9. The additive manufacturing process of claim 8, wherein a single laser performs the selective laser heating process and generates the wave-generating laser beam.

10. The additive manufacturing process of claim 8, wherein adjusting the additive manufacturing process comprises changing parameters associated with the selective laser heating process during formation of the solid deposit layer in response to the residual stress.

11. The additive manufacturing process of claim 8, wherein adjusting the additive manufacturing process comprises performing a stress-relieving process in response to the residual stress.

12. The additive manufacturing process of claim 11, wherein the stress-relieving process comprises laser shot peening, laser reheating, and inductive heat treating.

13. The additive manufacturing process of claim 8, further comprising directing a wave-detecting laser beam at the surface to detect propagated ultrasonic energy waves during the ultrasonic residual stress detection process using a wave-detecting laser set apart from the surface.

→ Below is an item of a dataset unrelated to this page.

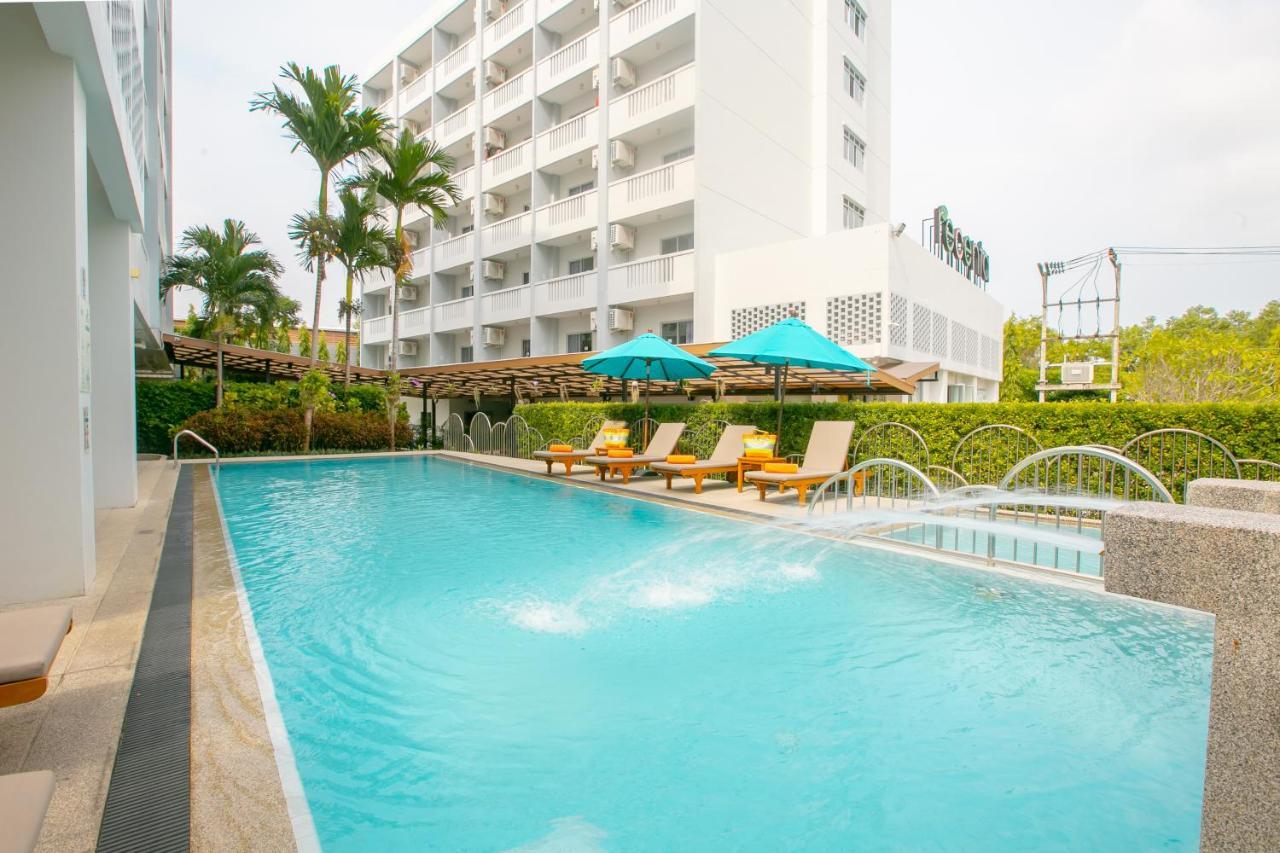 Recenta Suite Phuket Suanluang Bagian luar foto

14. The additive manufacturing process of claim 13, further comprising determining how many solid deposit layers may be formed before another ultrasonic residual stress detection process is performed based on the residual stress.

15. The additive manufacturing process of claim 8, further comprising:

performing the ultrasonic residual stress detection process as the most-recently formed or forming solid deposit cools, and

using parametric data associated with the residual stress to predict residual stress after further cooling.

16. An additive manufacturing process, comprising:

iteratively forming solid deposit layers to form a stack via a selective laser heating process, wherein each layer is formed by first depositing powder and then selectively heating the powder;

propagating ultrasonic energy waves through a most-recently formed solid deposit layer by directing a wave-generating laser beam at a surface of the most-recently formed solid deposit layer using a wave-generating laser set apart from the solid deposit layers;

determining residual stress in the stack by assessing propagated ultrasonic energy waves by directing a wave-detecting laser beam at the surface of the most-recently formed solid deposit layer to detect the propagated ultrasonic energy waves, and

forming at least one of the solid deposit layers subsequent to determining the residual stress.

17. The additive manufacturing process of claim 16, further comprising determining residual stress in the most-recently formed solid deposit layer when determining residual stress in the stack.

18. The additive manufacturing process of claim 16, further comprising determining residual stress in at least one solid deposit layer disposed under the most-recently formed solid deposit layer when determining residual stress in the stack.

19. The additive manufacturing process of claim 16, further comprising at least one of a) performing at least one of a stress-relieving procedure on the stack to reduce the residual stress before forming the subsequently-formed solid deposit layer and b) changing how the subsequently-formed solid deposit layer is formed in response to the residual stress.

20. The additive manufacturing process of claim 16, wherein a single laser performs the selective laser heating process, generates the wave-generating laser beam, and generates the wave-detecting laser beam.